● DATA FOR THIS TASK:
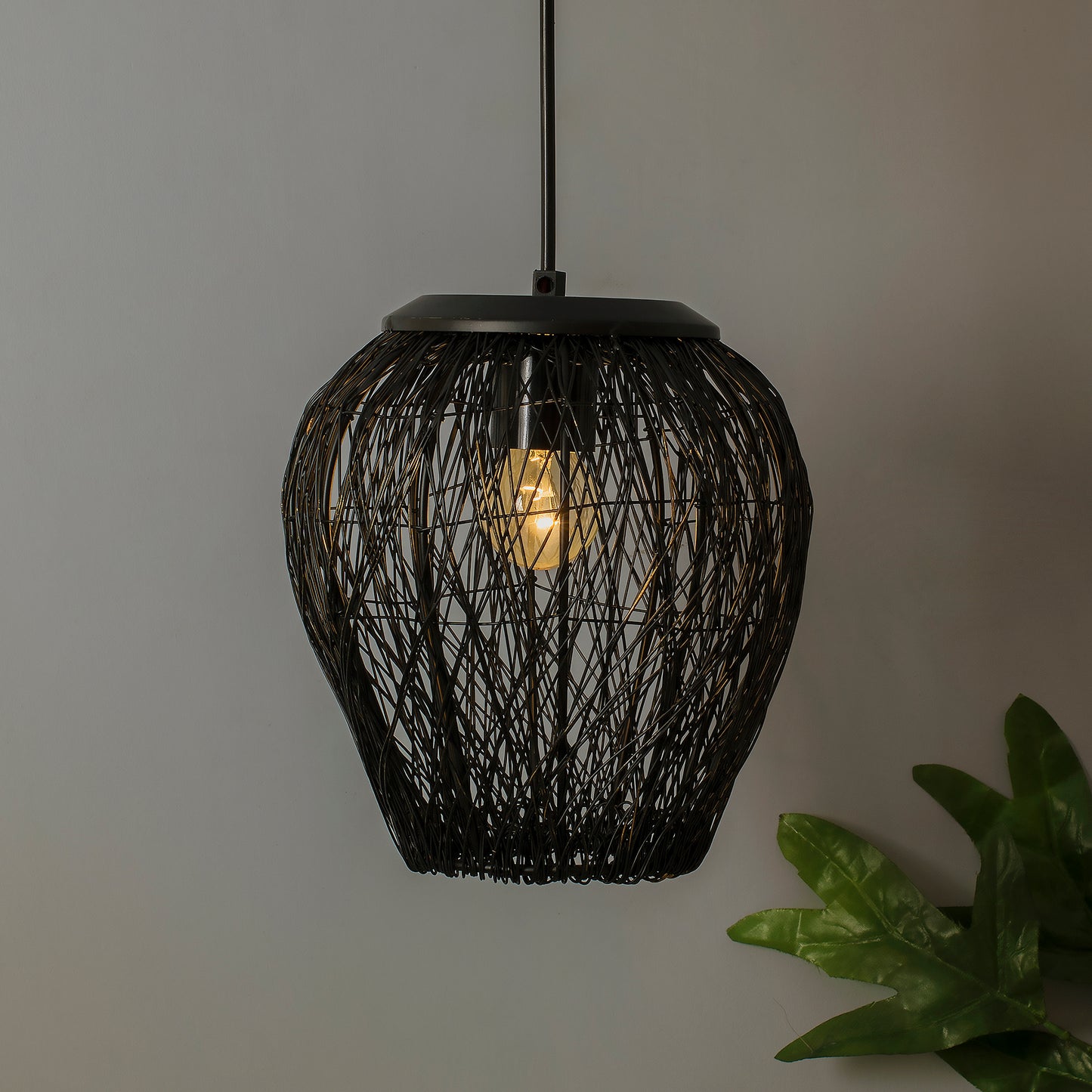 Hanging Black Steel Wire Mesh Pendant, hanging light, lamp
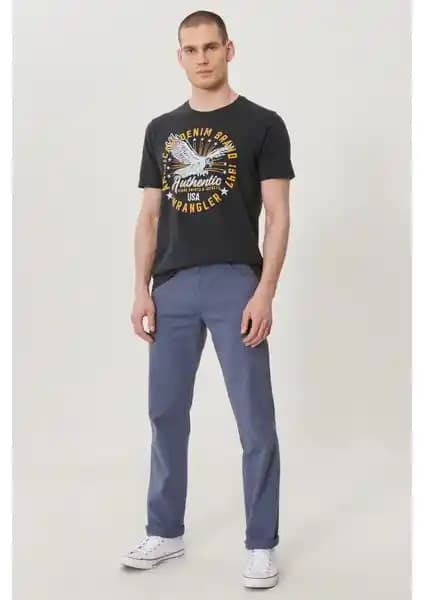Wrangler Erkek Arizona İndigo Pantolon Günlük Şıklık ve Konfor Sunan Modern Tasarım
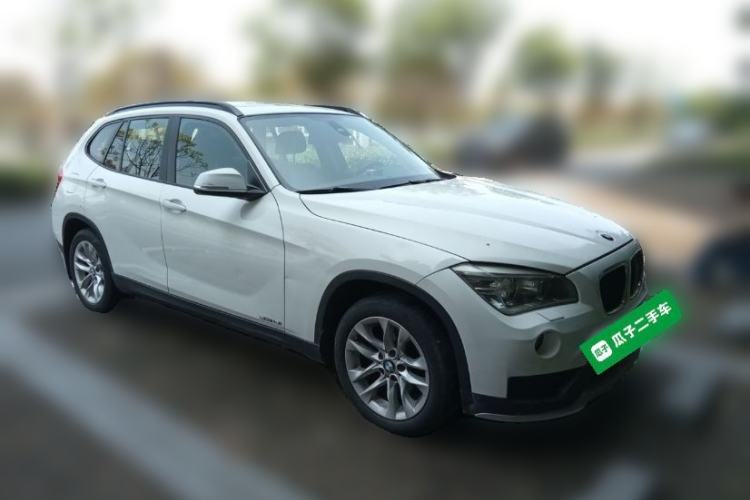 Used BMW X1 2014 sDrive18i Leading Model Front Right 45 Deg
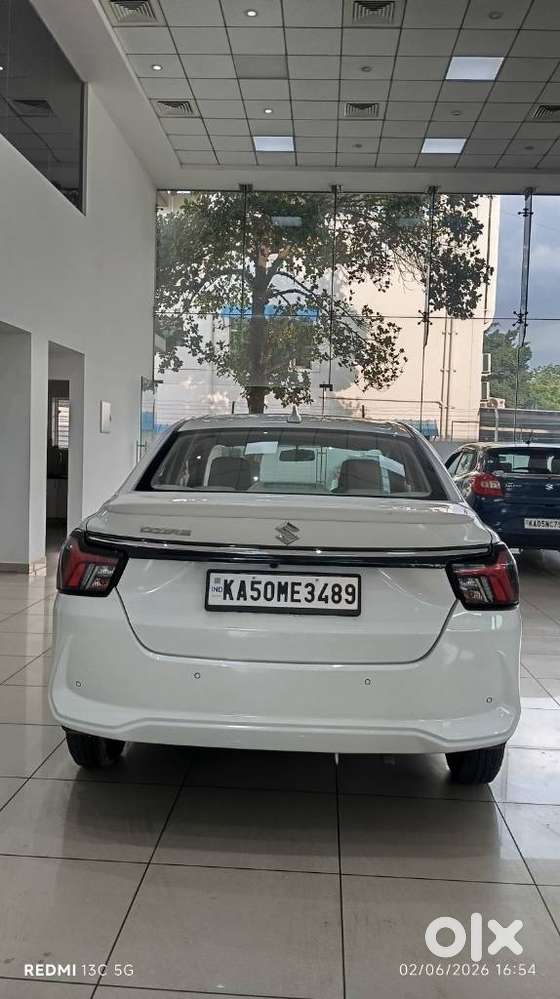 Maruti Suzuki Swift Dzire Vxi At Optional, 2025, Petrol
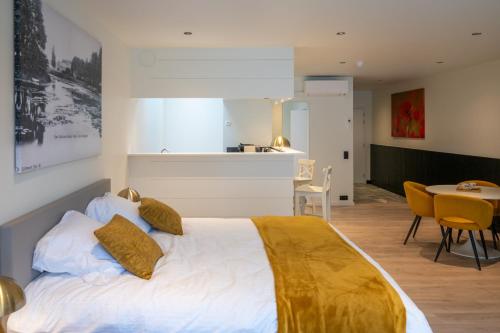 1 queen bed, 1 sofa bed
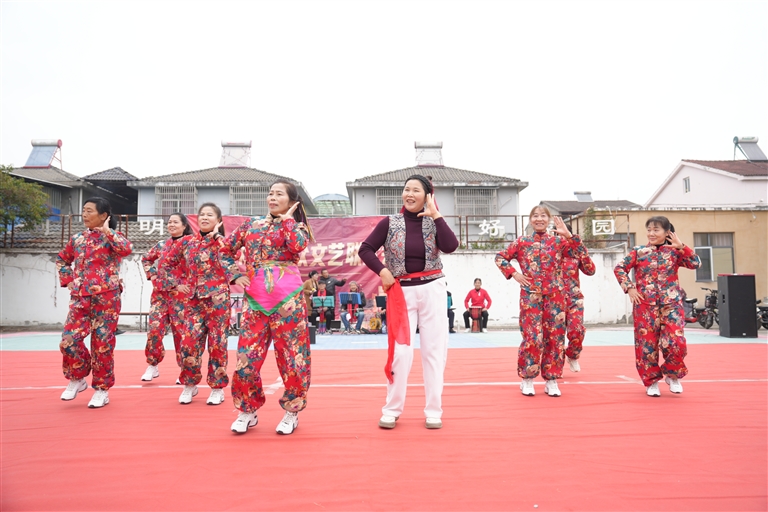 王场镇王场社区举办群众文艺联欢会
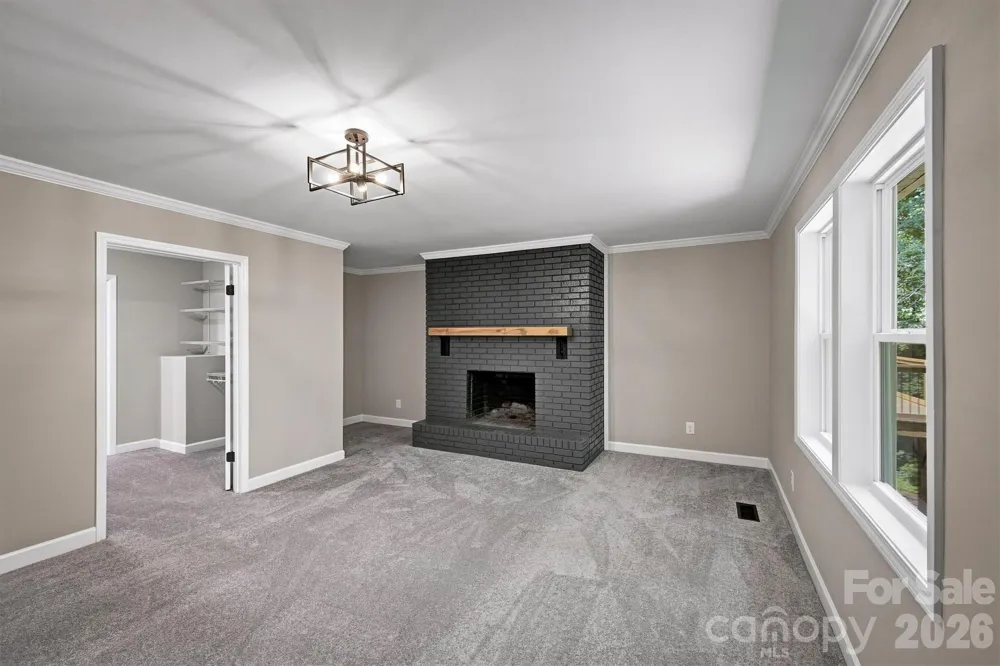 3517 Crestwood Drive Morganton, NC 28655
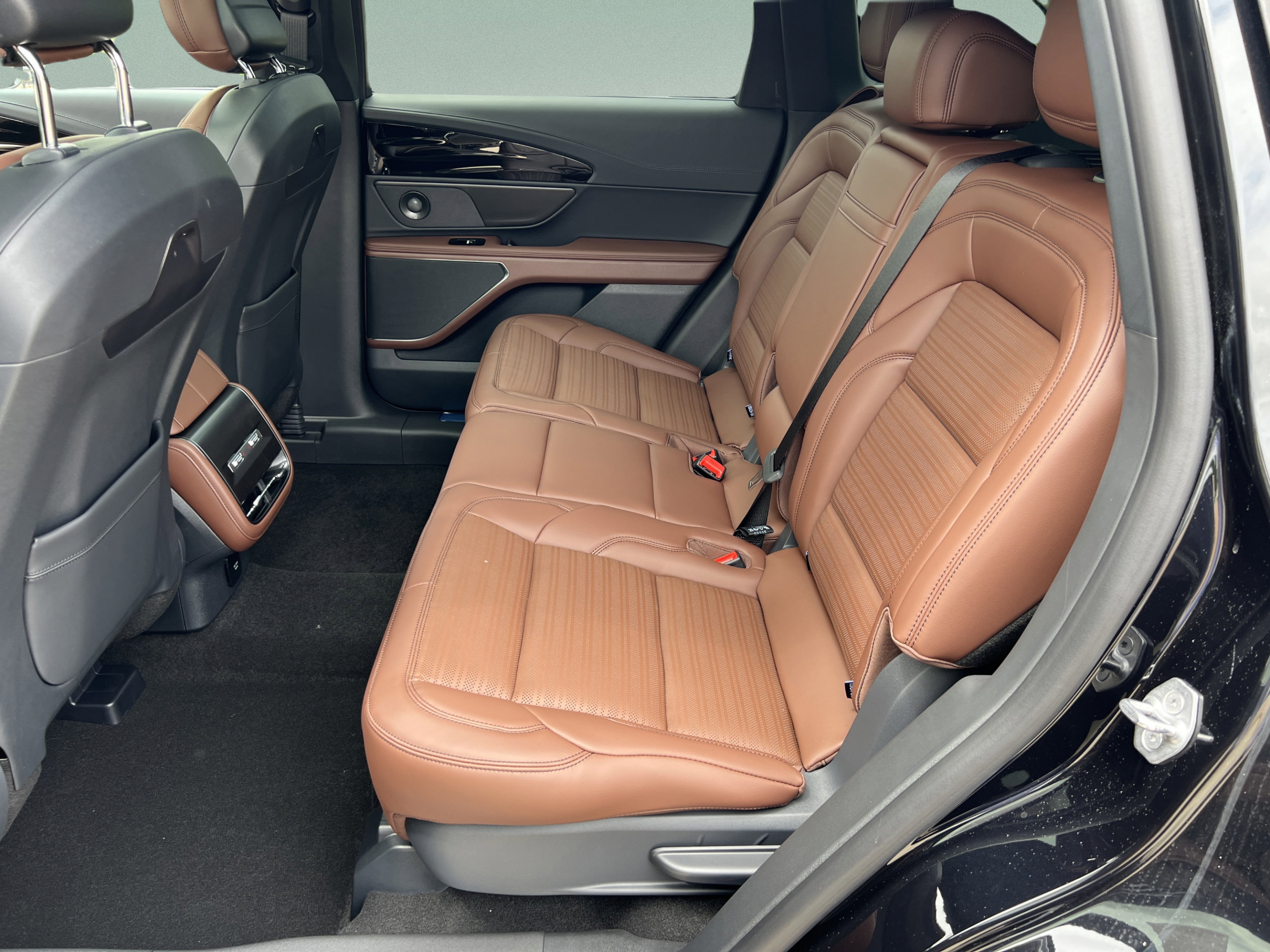 New 2026 Lincoln Nautilus Reserve AWD/4WD image 26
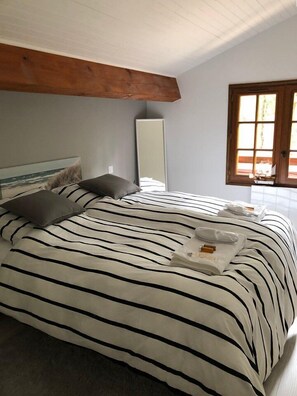 4 bedrooms, iron/ironing board, travel cot, free WiFi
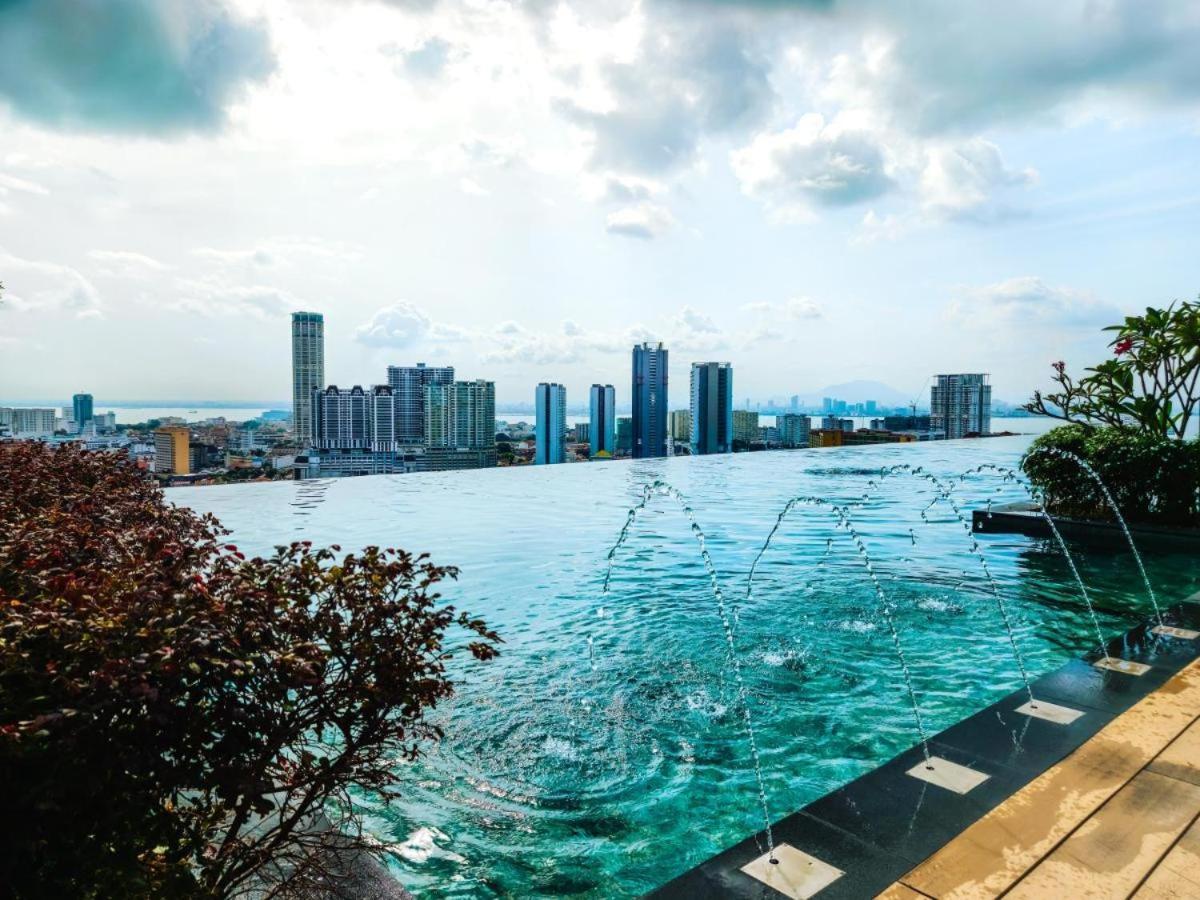 Beacon Executive Suite - Skypool Penang View George Town Exterior photo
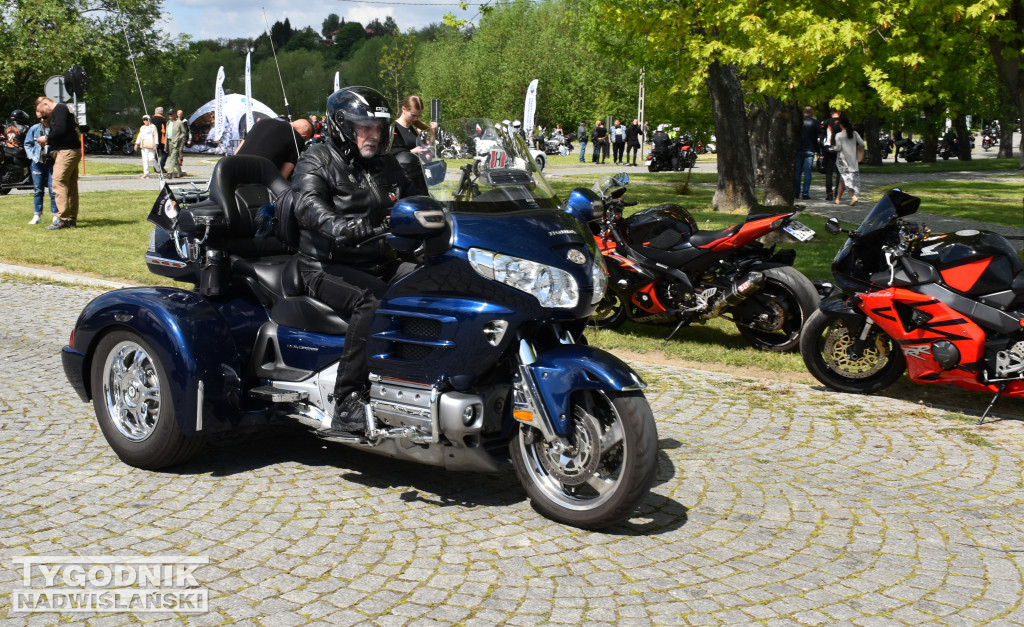 Motocyklowa inauguracja sezonu w Sandomierzu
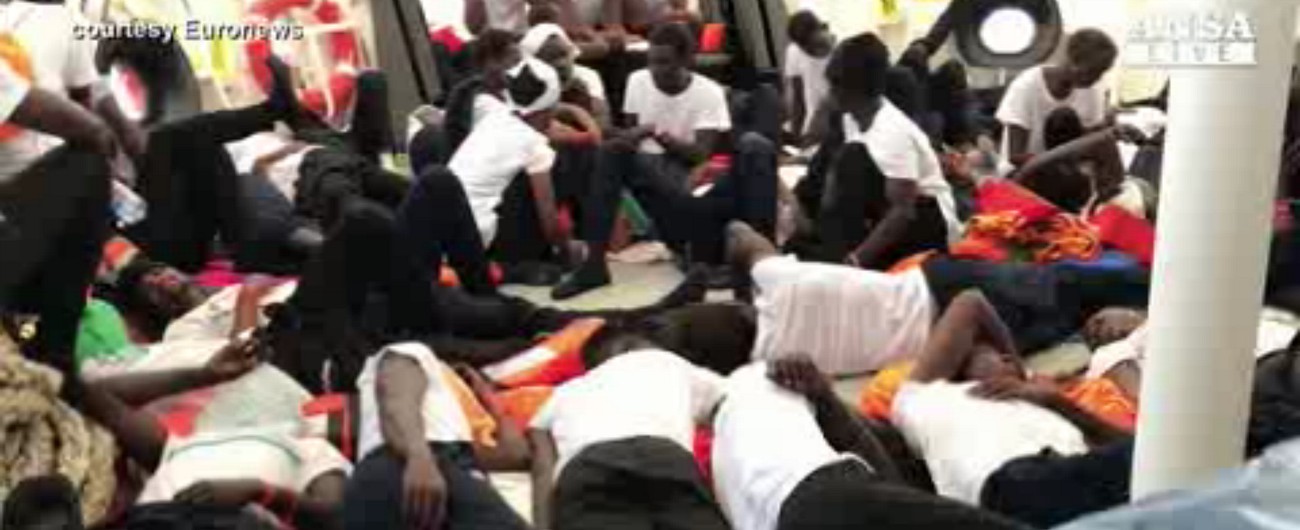 Copertina di Acquarius, sui ponti un tappeto umano. Sos Mediterranee: “Viaggio verso la Spagna non è sicuro”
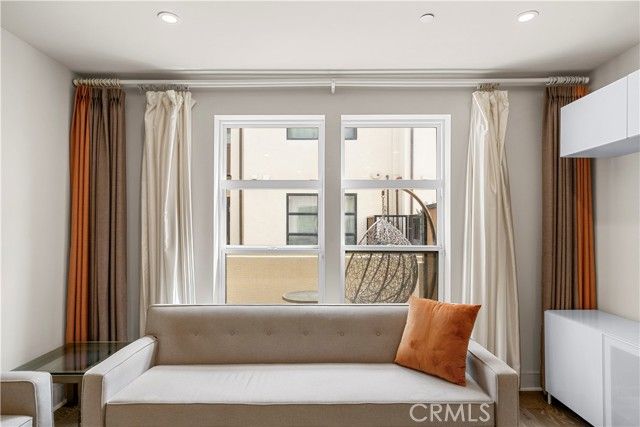 820 Mission 106, South Pasadena, CA 91030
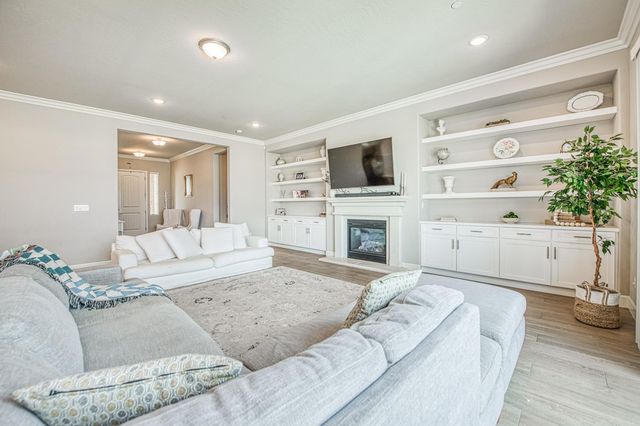 467 Heirloom Lane, Clovis, CA 93619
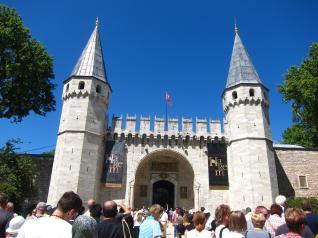 Istanbul-Tour inklusive Besuch des Topkapi-Palastes der Hagia Sophia und vieles mehr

● TASK DESCRIPTION:
You need to restate all of the entries above exactly and leave the pictures behind.

● TASK OUTPUT:
 Hanging Black Steel Wire Mesh Pendant, hanging light, lamp
Wrangler Erkek Arizona İndigo Pantolon Günlük Şıklık ve Konfor Sunan Modern Tasarım
 Used BMW X1 2014 sDrive18i Leading Model Front Right 45 Deg
 Maruti Suzuki Swift Dzire Vxi At Optional, 2025, Petrol
 1 queen bed, 1 sofa bed
 王场镇王场社区举办群众文艺联欢会
 3517 Crestwood Drive Morganton, NC 28655
 New 2026 Lincoln Nautilus Reserve AWD/4WD image 26
 4 bedrooms, iron/ironing board, travel cot, free WiFi
 Beacon Executive Suite - Skypool Penang View George Town Exterior photo
 Motocyklowa inauguracja sezonu w Sandomierzu
 Copertina di Acquarius, sui ponti un tappeto umano. Sos Mediterranee: “Viaggio verso la Spagna non è sicuro”
 820 Mission 106, South Pasadena, CA 91030
 467 Heirloom Lane, Clovis, CA 93619
 Istanbul-Tour inklusive Besuch des Topkapi-Palastes der Hagia Sophia und vieles mehr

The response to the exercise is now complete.